L’artiste se transforme tranquillement en soutien.

Le petit-fils, en défenseur, par exemple lorsqu’il dit : « Vous n’êtes pas capable de le regarder en face. »

L’homéopathe joue un rôle de conciliatrice. Elle tente d’apaiser lorsque la tension monte. Le géographe est plutôt du genre organisateur.


Dans cette famille, on retrouve des règles qui définissent et régissent le comportement des membres: On assoie le père au bout de la table et l’on fait semblant qu’il n’y a pas de maladie.

. On parle de façon anarchique et l’on s’écoute très peu les uns les autres.

. On veut protéger la mère, etc.…

Dans nos familles, on joue tous un rôle… à chacun de nous de le découvrir. Qui joue un rôle de soutien, d’organisateur ou de conciliateur dans votre famille, lorsque la maladie est présente ou un événement qui génère de la souffrance et implique tous les membres de la famille?


  • La maladie amène parfois les membres d’une famille à se protéger. On retrouve cela chez les membres de la famille d’Anatole :


Lytta Basset, théologienne Suisse, exprime ceci :

« Le soignant peut se protéger d’être déstabilisé par la souffrance de l’autre car elle rejoint sa souffrance.  On a donc besoin de se protéger de soi.  Se couper de soi et de l’autre crée l’absence de compassion…pouvant faire en sorte que la personne aidée est isolée. »


  • La maladie nous ramène dans notre histoire avec le malade. La fin de la vie fait vivre de bons moments mais parfois des événements plus difficiles avec lesquels on peut se réconcilier, si on se donne cette ouverture.

. André dira : « On se souvient des mêmes choses mais pas de la même manière. » Ce qui l’emmène dans des bons souvenirs, où son père lui avait dit: « Si tu marches toujours aussi vite, tu ne verras jamais rien. » Il finit par vivre de la tendresse envers le père

. L’épouse exprimera : « j’ai décidé de faire pour le mieux.  Je suis devenue la mère, la comptable, l’infirmière.  Je ne peux l’abandonner…l’être humain que je connais le mieux sur la terre. » Pourtant elle a voulu se séparer de son mari un jour.

.L’homéopathe se plaindra que son père l’a toujours rabaissé et rit d’elle… Elle n’a pas vécu de transformation comme son frère André.

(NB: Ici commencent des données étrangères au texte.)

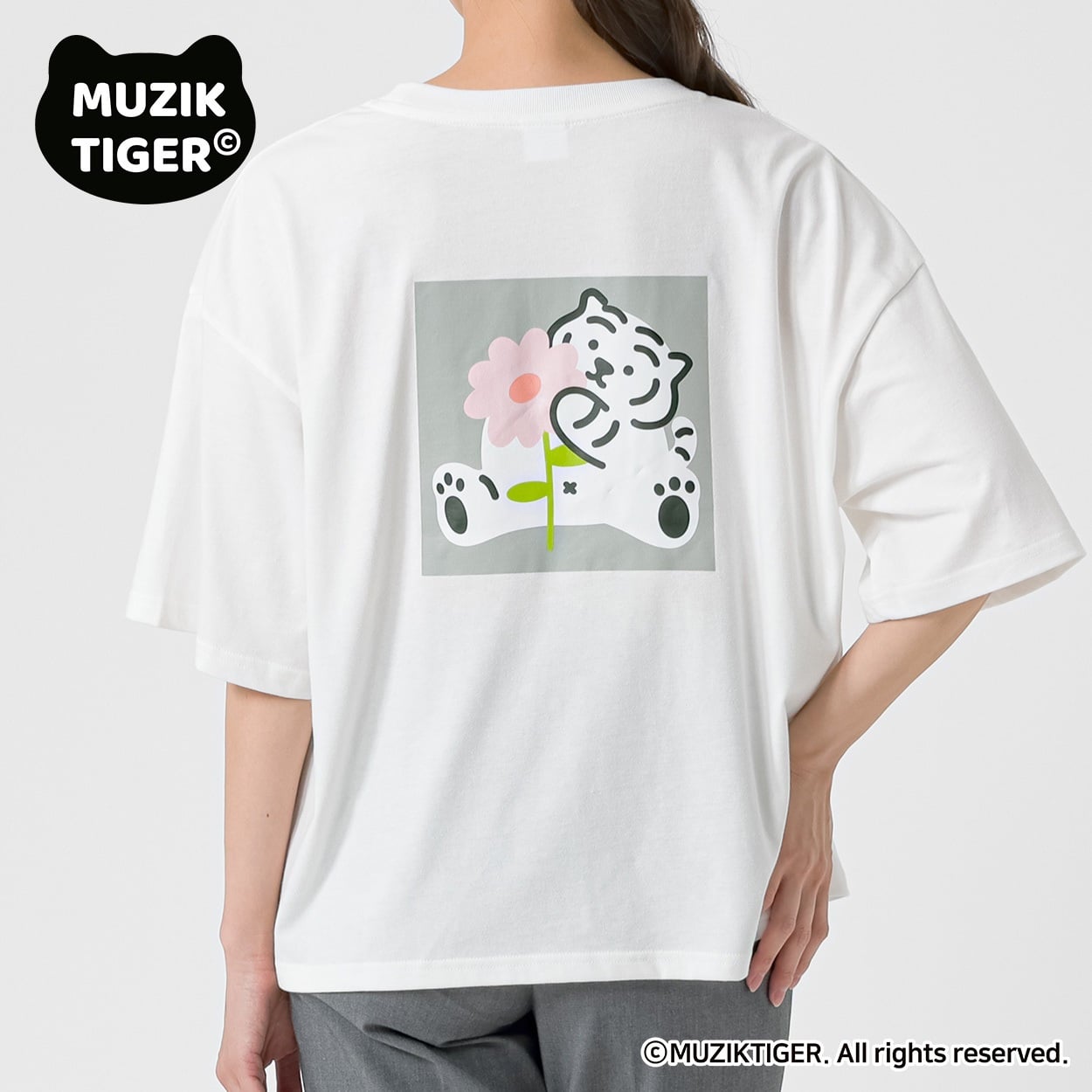 MUZIK TIGER バックプリントTシャツ レディス ESSEME(エシーム) ESM26M054-TS(アイボリー-M)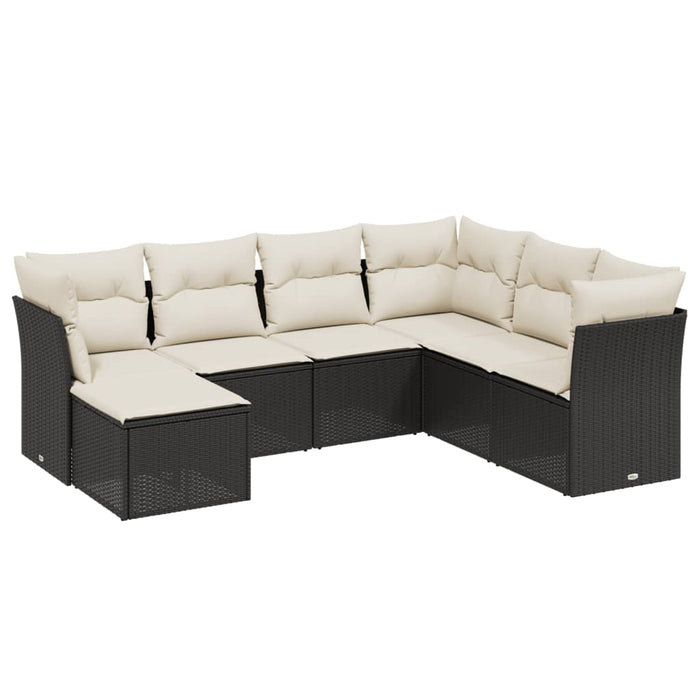 Set canapele de grădină cu perne, 7 piese, negru, poliratan - WALTI WALTI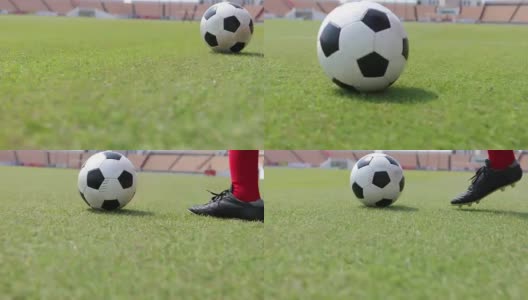 在足球场上踢足球高清在线视频素材下载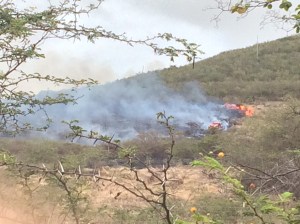 A clearer image of the firetruck up in the bush. A team of firefighters were working to extinguish the north head of the fire that was moving toward homes up the hill.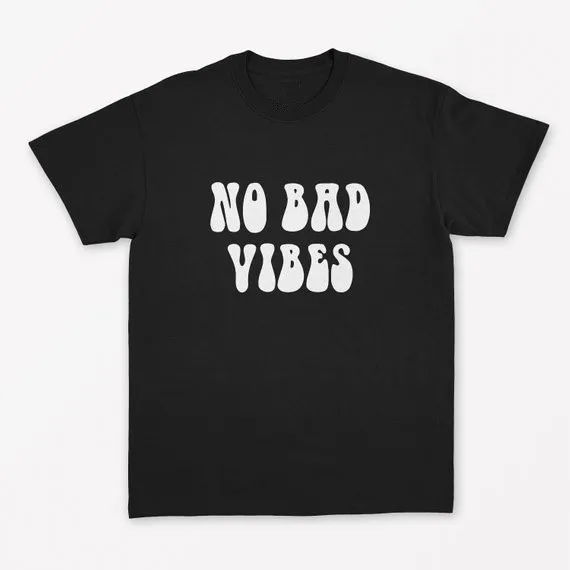 Sugarbaby No Bad Vibes T Shirt Vintage T Shirt 70's Shirt Peace and love Woodstock Peace T Shirt Unisex Fashion Tops Drop ship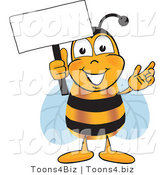 Vector Illustration of a Honey Bee Mascot Holding a Blank White Sign by Mascot Junction
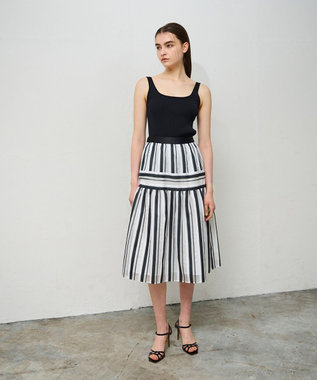 GRACE CONTINENTAL マルチシアーストライプスカート ブラック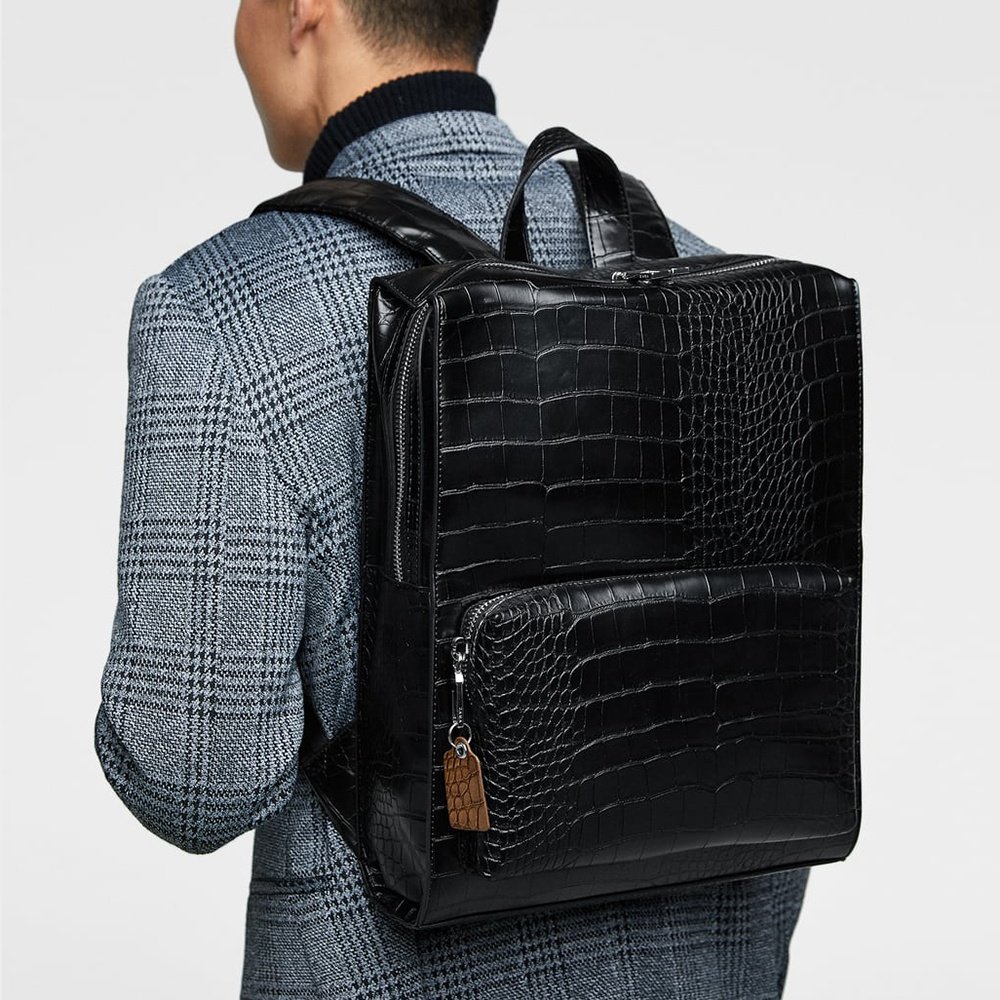 Custom Logo Crocodile Vegan Leather Black Mens Laptop Backpack Fashion Bagpack School Bookbag Travel Backpack For Men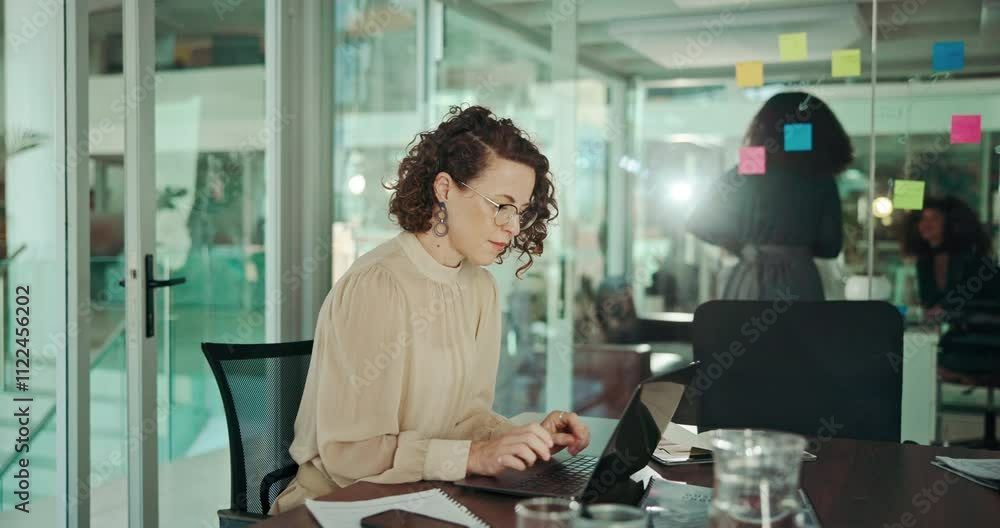 Poster Laptop, problem solving and thinking with developer woman in office for programming or troubleshooting. Computer, planning and web design with creative employee in workplace for software coding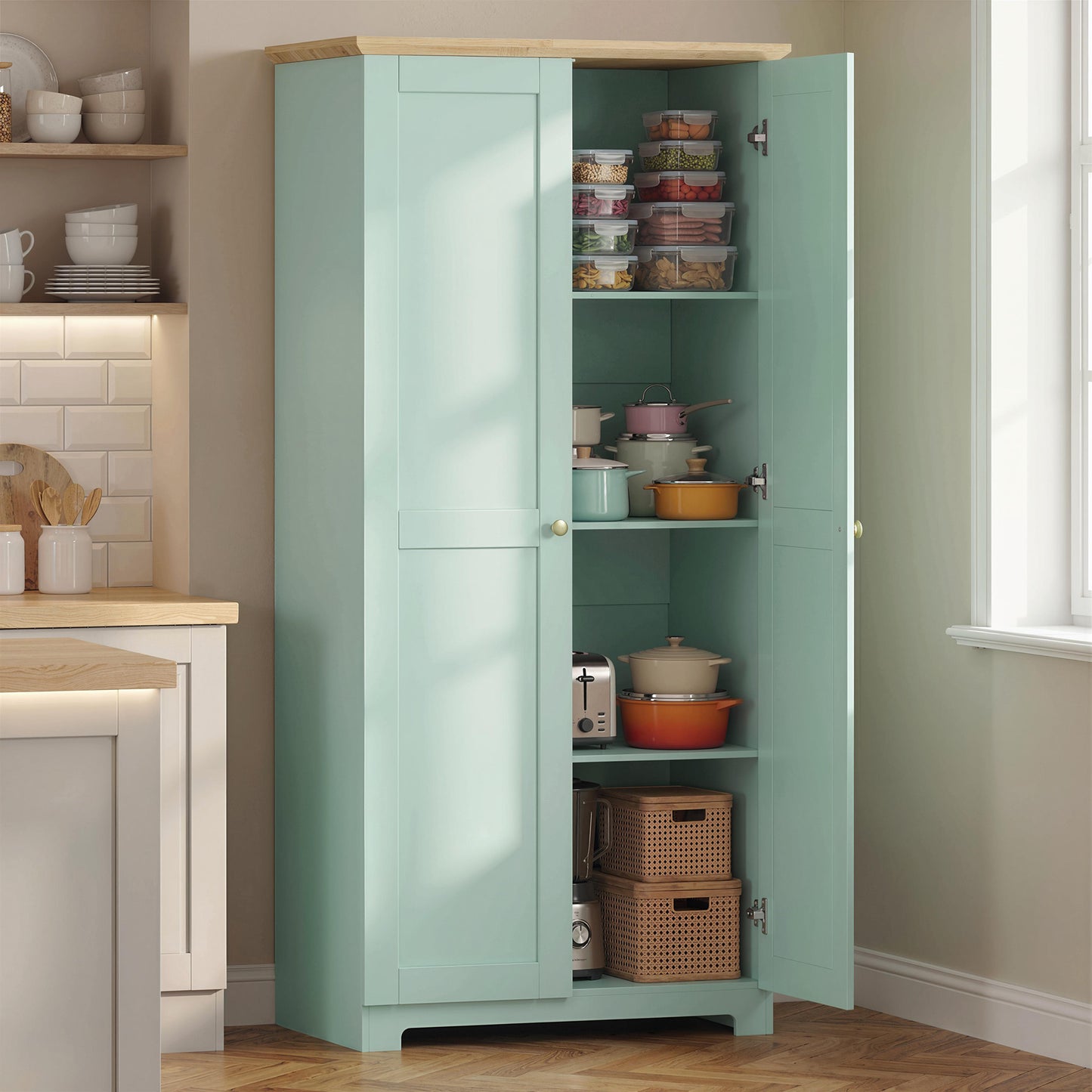 172cm Wooden Storage Cabinet Cupboard With 4 Shelves Light Green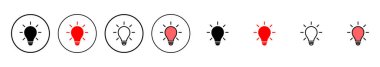 Lamba ikonu vektör illüstrasyonu. Ampul işareti ve sembol. fikir sembolü.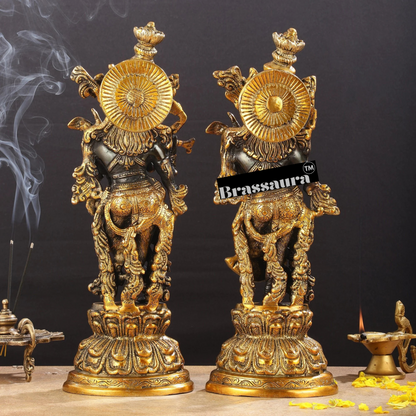 Brassaura™ Intricately Crafted Brass Radha Krishna Idols – 15 Inch Height, 10 Kg Pair | Black & Gold Heat-Treated Finish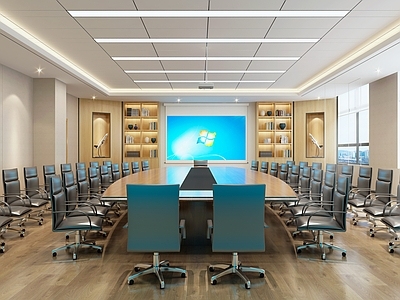 现代简约会议室 现代会议室 大型会议室 办公会议室 会议桌椅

  • Parfois cette histoire difficile ne va pas se régler facilement et le travail appartient à chacun, à sa capacité de transformation intérieure, à sa conscience et aux choix qu’on fait.
  • L’accompagnement d’un proche ou d’un étranger invite à une transformation intérieure, une transformation de soi. : « Ma colère et le besoin de justice s’en sont Allés en curiosité pour cet homme » dira  André.


Alexandre Jollien nous parle de l’importance d’être proche de soi pour ne pas être victime de ce qui nous dépasse chez l’autre. C’est ce que le fils André a fait en reprenant contact avec les événements vécus avec le père… Il en tire le meilleur.

  • Lorsqu’on est loin de soi, nos attitudes et notre comportement en sont influencés.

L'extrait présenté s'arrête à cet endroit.